Please output exactly the part of the records below that opens with the line containing "Abstract Silver Waves: Dynamic" and closes with the line containing "JTKSSCS Lange Kette", both lines included, and nothing else.
#### Recorded data ####
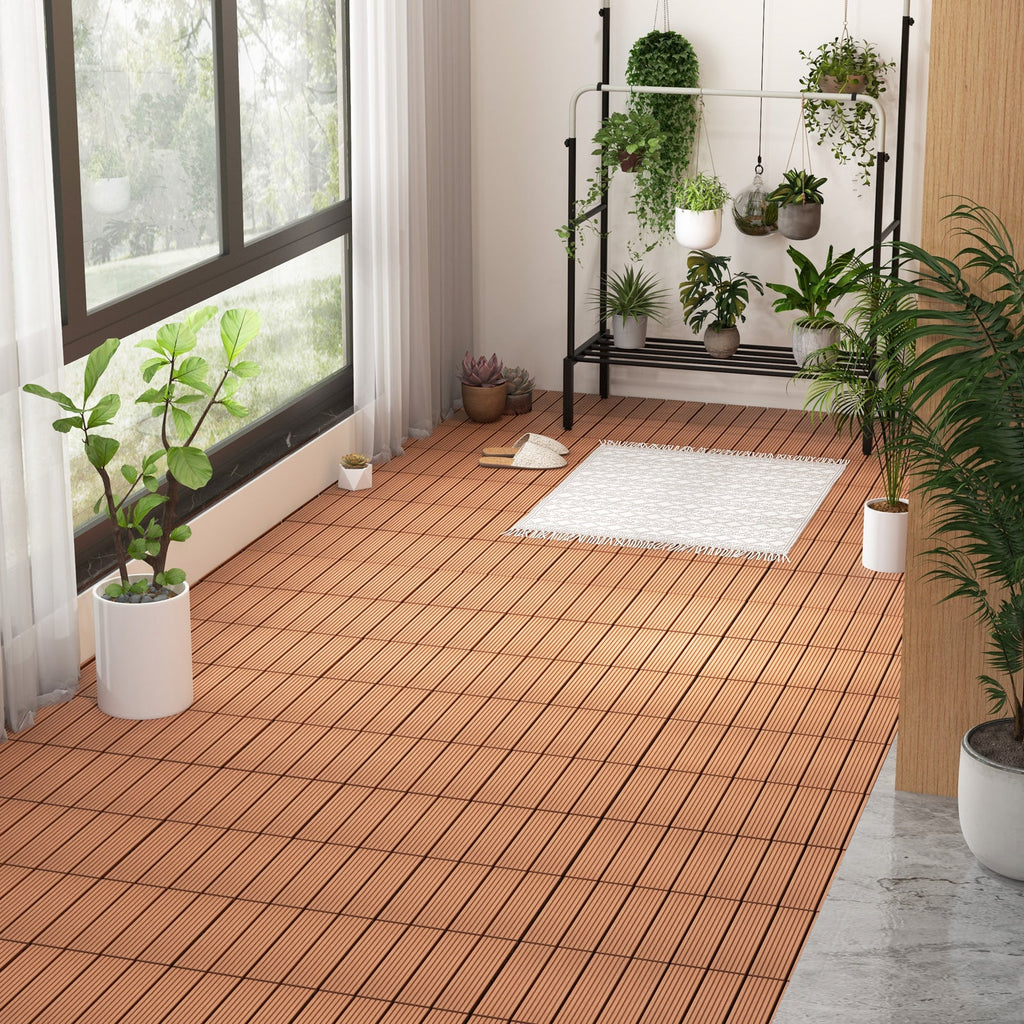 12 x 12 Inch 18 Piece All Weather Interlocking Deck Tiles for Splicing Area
####
#### Recorded data ####
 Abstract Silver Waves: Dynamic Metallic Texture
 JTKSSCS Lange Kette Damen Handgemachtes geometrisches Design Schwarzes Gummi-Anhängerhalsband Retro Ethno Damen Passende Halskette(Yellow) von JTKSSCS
####
**Result of the task**
 Abstract Silver Waves: Dynamic Metallic Texture
 JTKSSCS Lange Kette Damen Handgemachtes geometrisches Design Schwarzes Gummi-Anhängerhalsband Retro Ethno Damen Passende Halskette(Yellow) von JTKSSCS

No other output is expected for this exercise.